Around 1930, John “Jack” Wilson designed and produced the “Automotive Traveling Sprinkler” at Wilson Automotive Sprinkler Company in North Platte, Nebraska. Throughout 1930 to 1941, Wilson was an engineer and custodian at the senior high school and frequently used the invention to water school grounds. Wilson applied for a patent on October 19,1937 and it was approved March 1,1939. The sprinkler received patent number 2152425. Within the patent application, the invention was described as similar to a lawn sprinkler. “A purpose of the invention is a sprinkler that is movable over a lawn. Due to water being forced through the sprinkler, the sprinkler is moved along the route of a hose through a motor-like interchange,” the application stated.

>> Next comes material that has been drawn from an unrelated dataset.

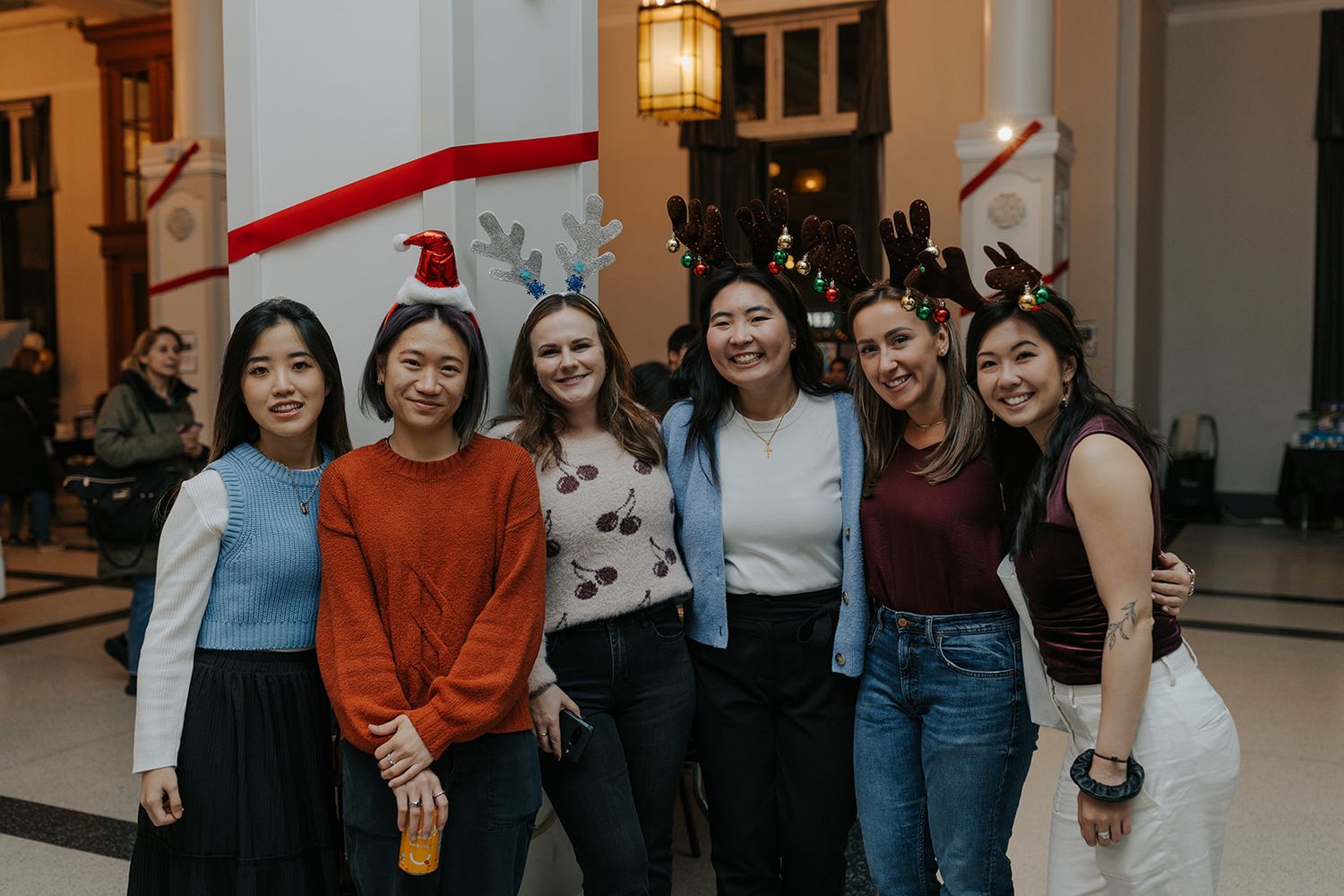 Group of friends gathering in a warmly lit indoor space.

In the 1940s, production of Wilson’s invention was about to take off but World War II broke out and supply of scrap metal was hard to come by. Due to this, production of the sprinkler slowed throughout the war. In 1941, Wilson moved to Whittler, California and on March 26, 1946, he died in San Diego at the age of 69.

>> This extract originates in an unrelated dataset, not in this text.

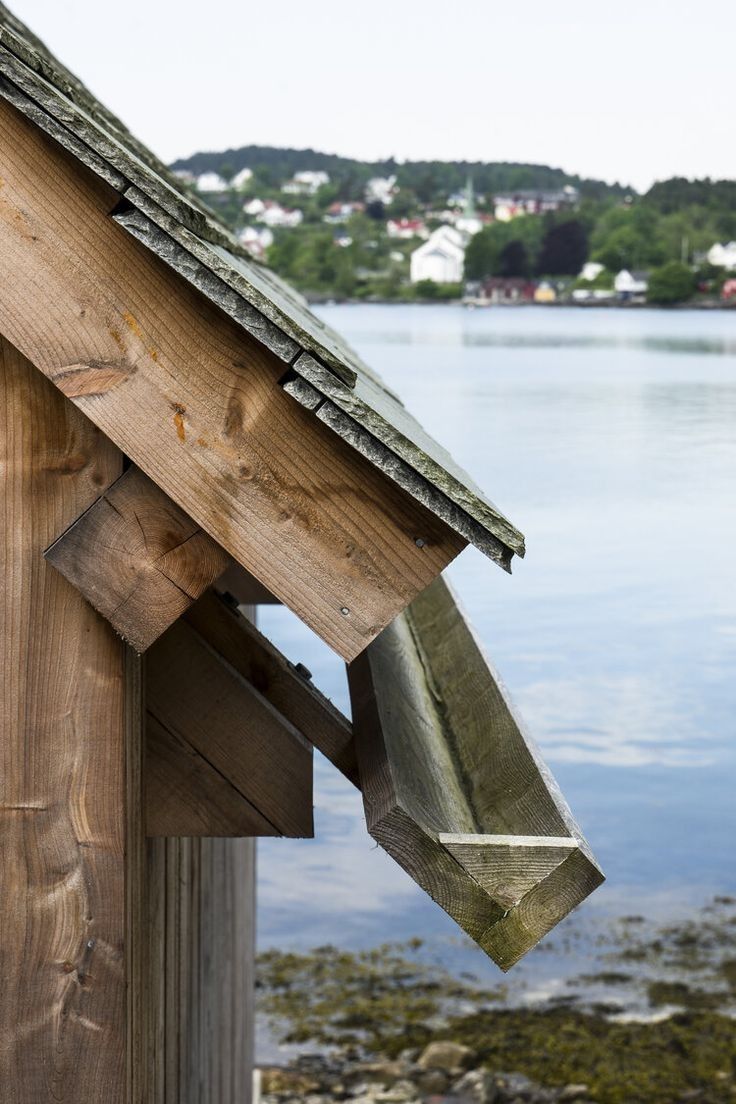 a bird house on the side of a body of water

National Manufacturing Company, a company located in Lincoln, Nebraska, had its beginnings around 1917 and manufactured Fireless cookers. The company diversified into producing airplane parts, bomb shelters, v-belts used by Goodyear, lawn-care implements, and test kitchen equipment. National Manufacturing obtained the walking sprinkler patent sometime after WWII and produced sprinklers with Wilson’s original design and patent information printed on the side.
Wilson’s patent expired in 1960. Since that time, National Manufacturing has produced sprinklers very similar to Wilson’s original model—with some versions differing slightly. In 1985, the company was bought by TMCO, Inc., which to this day still produces the Walking Sprinkler.